Forward on Climate, an event billed as the largest climate rally in history, will have a presence in San Francisco on Feb. 17. With most activity centered in Washington, D.C., organizers of the nationwide mobilization hope to convince President Barack Obama to reject the development of the Keystone XL pipeline, an extension of a tar-sand oil pipeline that connects Alberta, Canada and multiple Midwest cities.
In San Francisco, protesters plan to surround the U.S. State Department building at One Market Plaza to demonstrate opposition the pipeline project. “Since the pipeline crosses the international boundary with Canada, the State Department has to approve the permit, so symbolically that’s why we chose it,” explained Taylor Hawke of 350 Bay Area.
More than 70 organizations are partnering to promote the event, including 350.org, the Sierra Club, the National Resources Defense Council, CREDO Action and others.
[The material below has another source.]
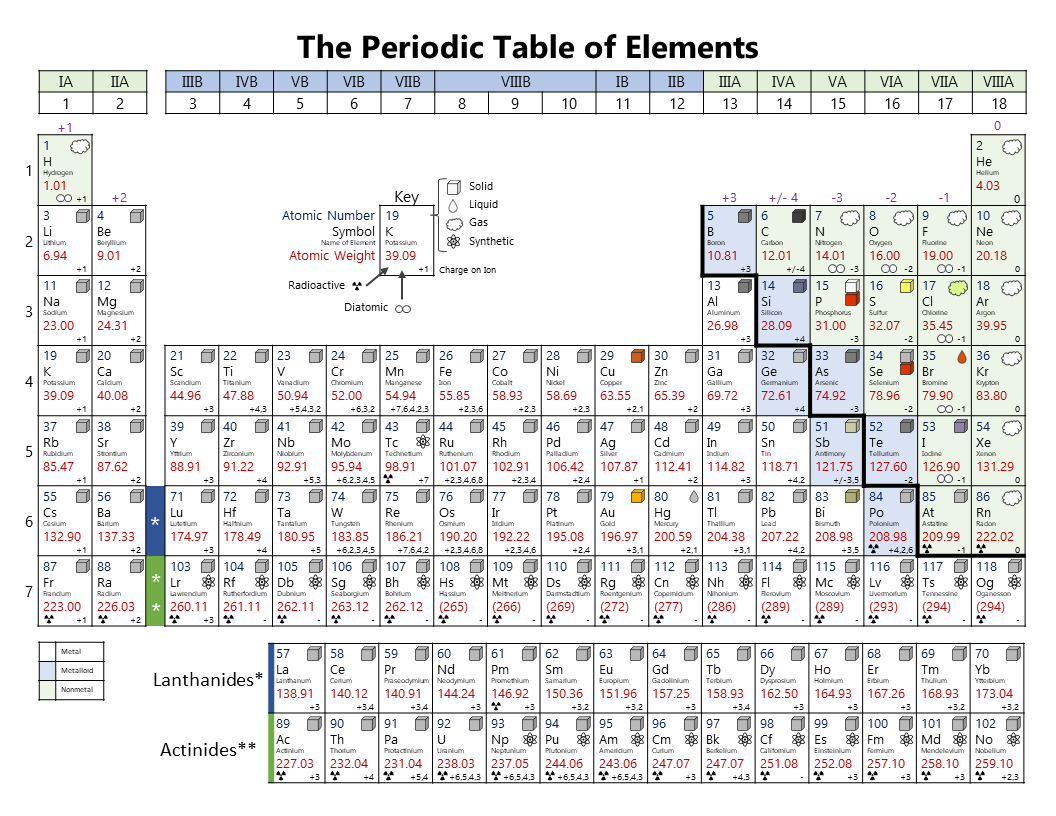 90 Printable Periodic Table Worksheet 45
Sup. John Avalos will join student groups, indigenous organization Idle No More, and others in speaking at the rally. Organizers expect a turnout of more than 2,000 with participants traveling to San Francisco from Chico, Sacramento, Santa Cruz and University of California campuses at Davis and Merced.
Jessica Dervin-Ackerman of 350 Bay Area says activists “intend to send a strong message to President Obama that immediate action is needed to stop climate disruption and to protect current and future generations,” and that “the U.S. needs to be an international leader in the diplomacy of cutting greenhouse-gas emissions.” A recent HSBC report underscored the role of national governments in fighting climate change, noting that 90 percent of the world’s oil and gas is held by governments or state-owned oil companies.
Some climate activists aren’t waiting until Feb. 17 to get their message across. Protestors from 350.org and the Sierra Club, along with many other organizations, sat outside the gates of the White House Feb. 13 in an act of civil disobedience meant to raise awareness about the Keystone XL pipeline extension. Many were arrested, including actress Daryl Hannah, and released the following day.
Bill McKibben, co-founder of 350.org, touched on Obama’s apparent contradiction on climate change in a recent Rolling Stones article. While the President has made promises to work on wind and solar energy, McKibben said, he’s also emphasized a goal of “producing more oil and gas here at home.” The pipeline would financially benefit the Canadian government, which is anxious to export its most lucrative commodity. The tar sands in Alberta contain as much as 240 gigatons of carbon, representing half the amount carbon scientists say can be “safely” burned by 2050.
Big oil companies stand to lose the most if the Forward on Climate movement succeeds. Oil reserves represent corporate assets that lay buried underground, and that’s where organizations like 350.org want them to stay. “The key to everything is this,” Hawke said: “From the latest science, we now know that the climate crisis is the greatest moral issue of our time.”
TransCanada, the pipeline developer, claims the project would provide tens of thousands of jobs, but the U.S. State Department estimates that it would be closer to five or six thousand temporary construction jobs. A more sustainable approach, says Frances Aubrey of 350.org, would be to create new jobs by investing in renewable energy. The only ones who will benefit from fossil fuels, she added, are the oil companies and the politicians whose campaigns they fund. “Oil companies are willing to change the planet beyond what people can survive,” says Aubrey, “to make a profit.”